* _Data to use_:
=== Section Start ===

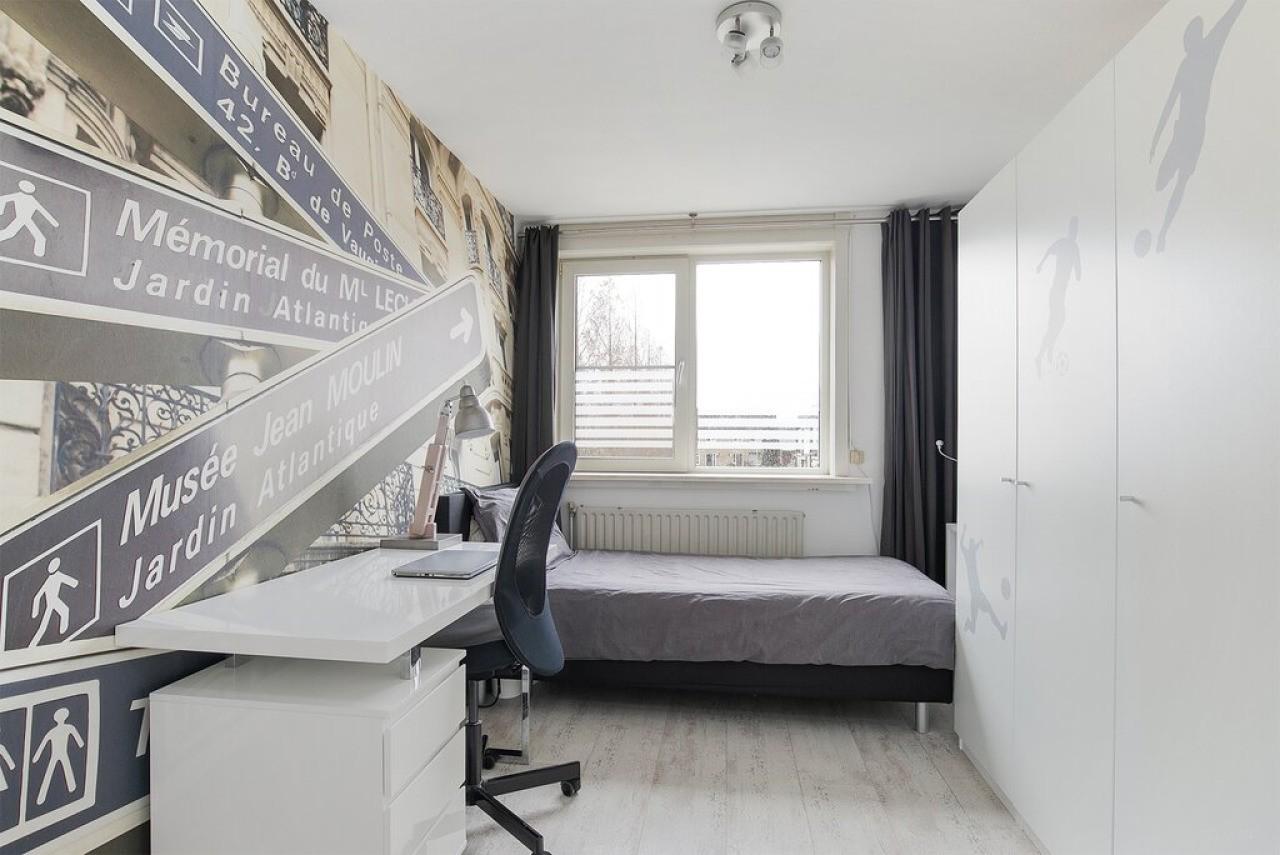 Eengezinswoning met 4 slaapkamers in Hoek - Afbeelding 21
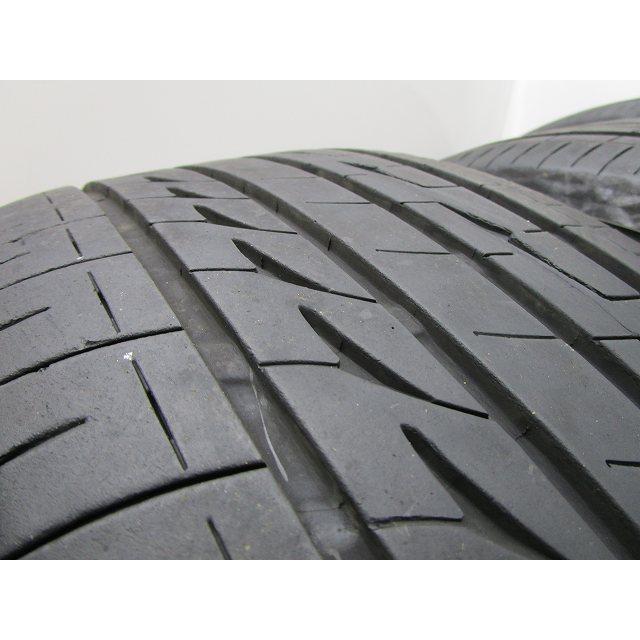 235-45R18 8.5-8分山 ブリヂストン レグノGR-X2 2022年製 中古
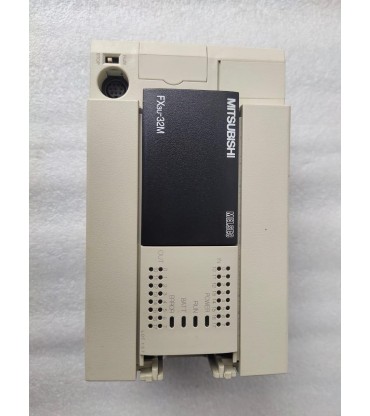 Mitsubishi FX1 FX2 FX3U PLC FX3U-32M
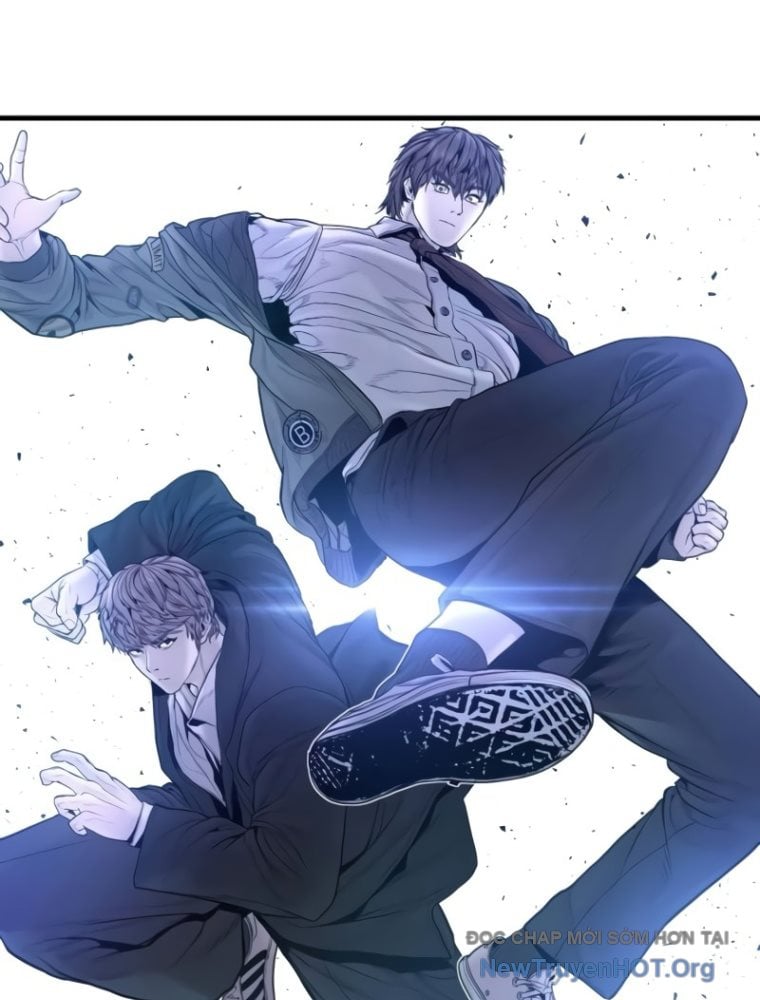 Bố Tôi Là Đặc Vụ Chap 201 - Next Chap 202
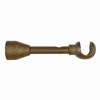LINEA IDEAS WOOD - SUPPORTO PARETE DOPPIO COLORE ZEBRANO : vendita online LINEA IDEAS WOOD - SUPPORTO PARETE DOPPIO COLORE ZEBRANO in offerta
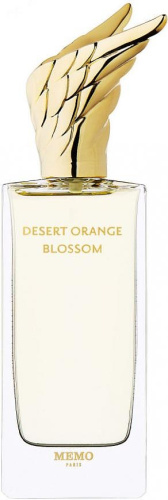 Memo Desert Orange Blossom (20-75072 парфюмерная вода-тестер 75 мл)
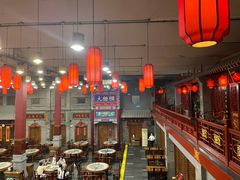 -天和晟烤鸭店(玉泉西街店)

=== Section End ===

* _What the exercise asks_:
Please give the material above again in full, with no pictures in your version.

* _Answer to this exercise_:
 Eengezinswoning met 4 slaapkamers in Hoek - Afbeelding 21
 235-45R18 8.5-8分山 ブリヂストン レグノGR-X2 2022年製 中古
 Mitsubishi FX1 FX2 FX3U PLC FX3U-32M
 Bố Tôi Là Đặc Vụ Chap 201 - Next Chap 202
LINEA IDEAS WOOD - SUPPORTO PARETE DOPPIO COLORE ZEBRANO : vendita online LINEA IDEAS WOOD - SUPPORTO PARETE DOPPIO COLORE ZEBRANO in offerta
 Memo Desert Orange Blossom (20-75072 парфюмерная вода-тестер 75 мл)
 -天和晟烤鸭店(玉泉西街店)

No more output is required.